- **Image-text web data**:
———

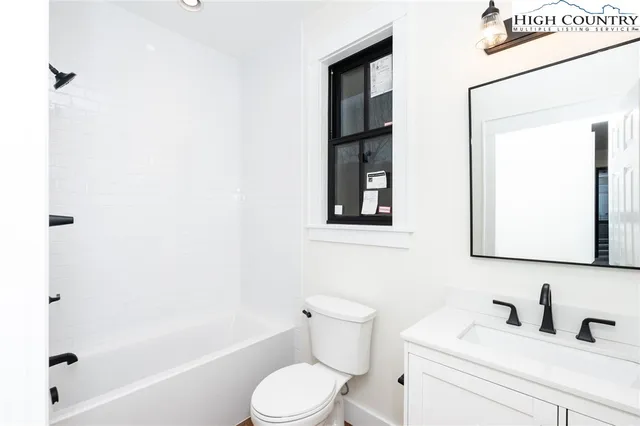 a bathroom with a toilet sink vanity tub and shower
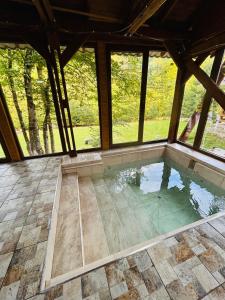 uma piscina interior numa casa com janelas em Cabana Verde em Budureasa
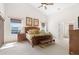 Bright main bedroom with high ceilings, two windows, and a doorway to the main bathroom at 17503 Edinburgh Dr, Tampa, FL 33647
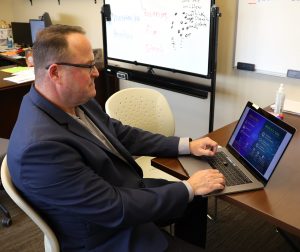 David Hite reviews a presentation on artificial intelligence.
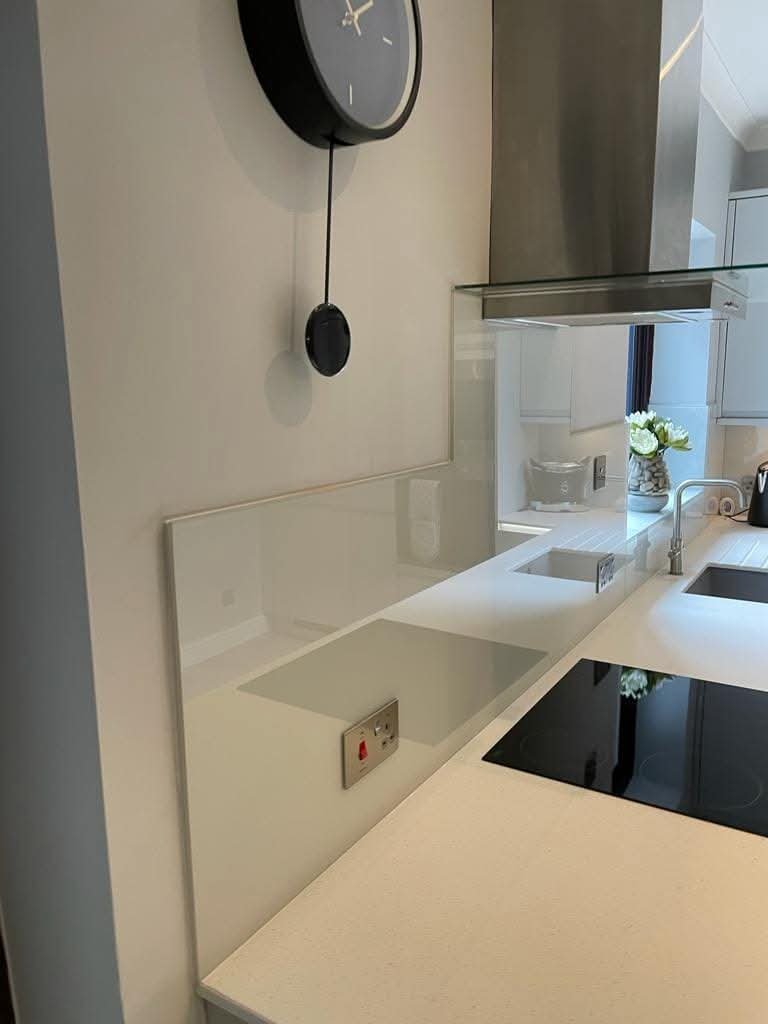 Modern kitchen worktop with integrated sink, induction hob, stainless steel extractor hood and sleek glass splashback.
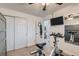 An exercise room featuring a bike, mounted tv and mirrored wall at 7835 Barbara Ann Dr # F, Arvada, CO 80004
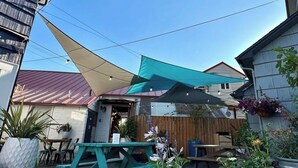 A patio area with a wooden table and chairs, a teal shade sail, and various potted plants.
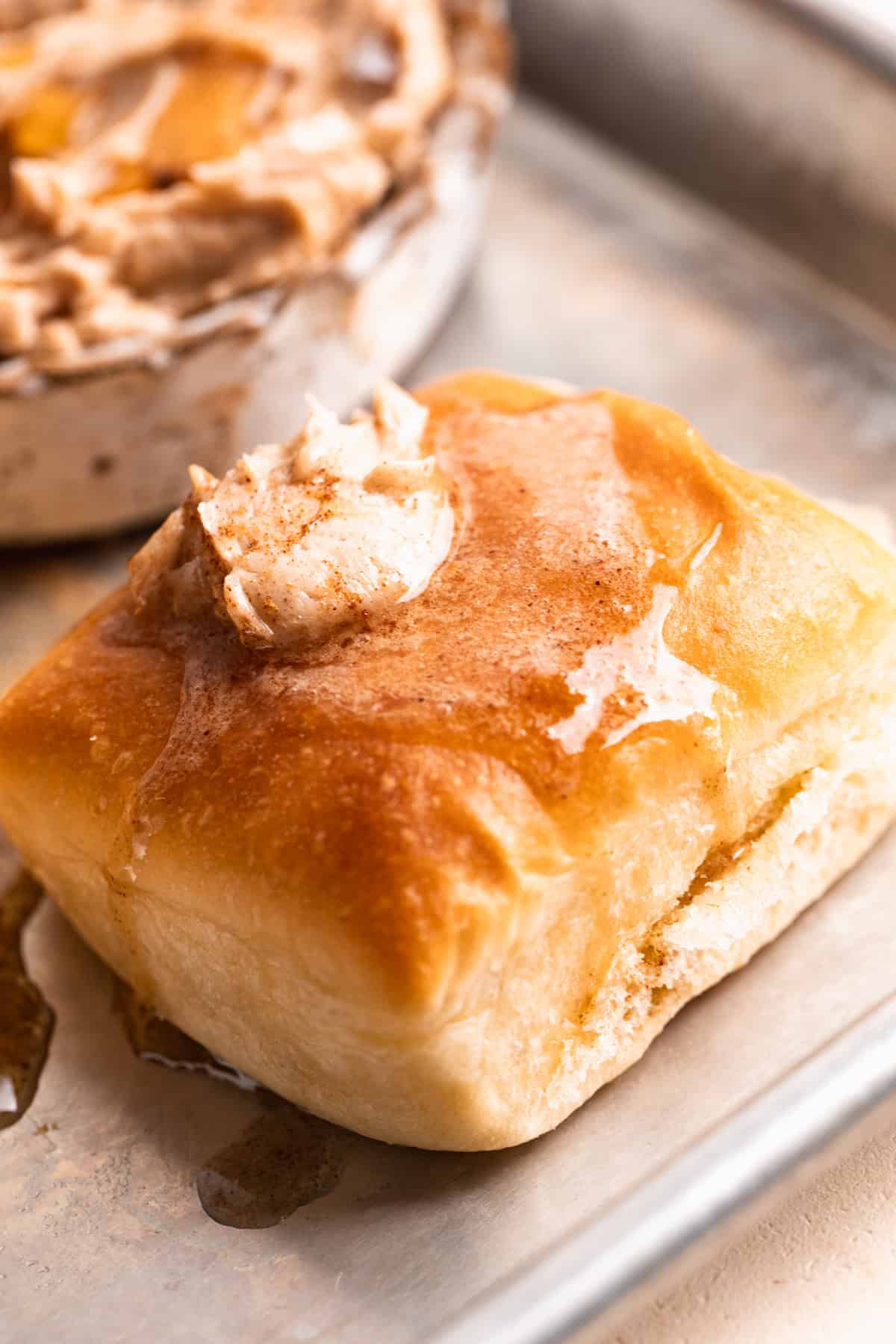 Texas Roadhouse rolls topped with melting cinnamon honey butter.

———

- **Activity**: Transcribe the entries above verbatim, excluding any image.

- **Problem solution**:
 a bathroom with a toilet sink vanity tub and shower
 uma piscina interior numa casa com janelas em Cabana Verde em Budureasa
 Bright main bedroom with high ceilings, two windows, and a doorway to the main bathroom at 17503 Edinburgh Dr, Tampa, FL 33647
 David Hite reviews a presentation on artificial intelligence.
 Modern kitchen worktop with integrated sink, induction hob, stainless steel extractor hood and sleek glass splashback.
 An exercise room featuring a bike, mounted tv and mirrored wall at 7835 Barbara Ann Dr # F, Arvada, CO 80004
 A patio area with a wooden table and chairs, a teal shade sail, and various potted plants.
 Texas Roadhouse rolls topped with melting cinnamon honey butter.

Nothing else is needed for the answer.